Sebelum memulai menggarap, kata Harapandi, pihaknya juga telah mendatangi pihak manajemen PT. DDP. Menurut Harapandi, dari keterangan yang didapatkan dirinya melalui Legal PT DDP bernama Yoyok, bahwasanya lokasi lahan tersebut berada di luar HGU PT DDP.
‘’Dengan adanya seperti itu, kami masyarakat datang ke sana, kami bersihkan lahan itu. Kami bikin pondok-pondok di sana. Sesudah itu kami tanam tanaman kami, berupa sawit,’’ urainya.
Di saat pihaknya melakukan aktivitas di lokasi, tidak ada teguran dari pihak manajemen perusahaan.
Namun pada tanggal 2 Agustus 2023 lalu, ada panggilan untuk sidang di Pengadilan Negeri Mukomuko, dalam perkara gugatan yang disampaikan PT. DDP.
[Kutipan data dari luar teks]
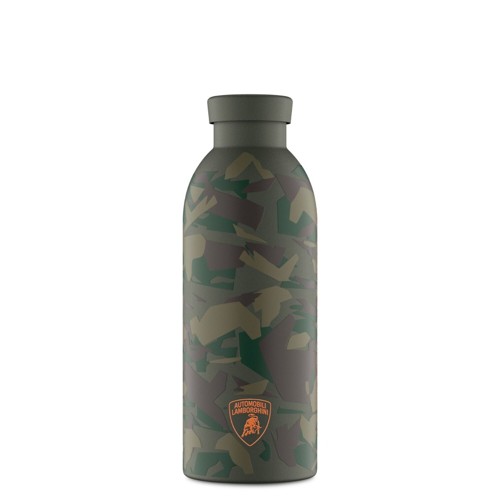 24Bottles - Clima - Lamborghini Sterrato - Military Green - 500 ml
‘’Di hari itu juga, PT DDP melakukan panen di lokasi garapan kami. Di situ ada APH juga, manajer, askep dan asisten perusahaan ada disana. Jadi kami tidak pernah menghalangi pihak perusahaan yang punya legalitas. Dan kami telah pernah menyurati pihak DDP, tolong tunjukkan batas HGU. Sampai detik ini, PT DDP belum bisa menunjukkan batas HGU. Mirisnya sekarang, kami digugat hingga Rp7 miliar,’’ paparnya.
Dia juga menyampaikan, sebelum menunjukkan legalitas batas HGU, pihak DDP telah melakukan panen raya di lahan garapannya beserta petani lainnya.
‘’Versi DDP, lahan yang kami garap itu masuk HGU Air Pendulang Estate, tapi kami menganggap lahan itu bukan kawasan HGU PT DDP,’’ demikian Harapandi.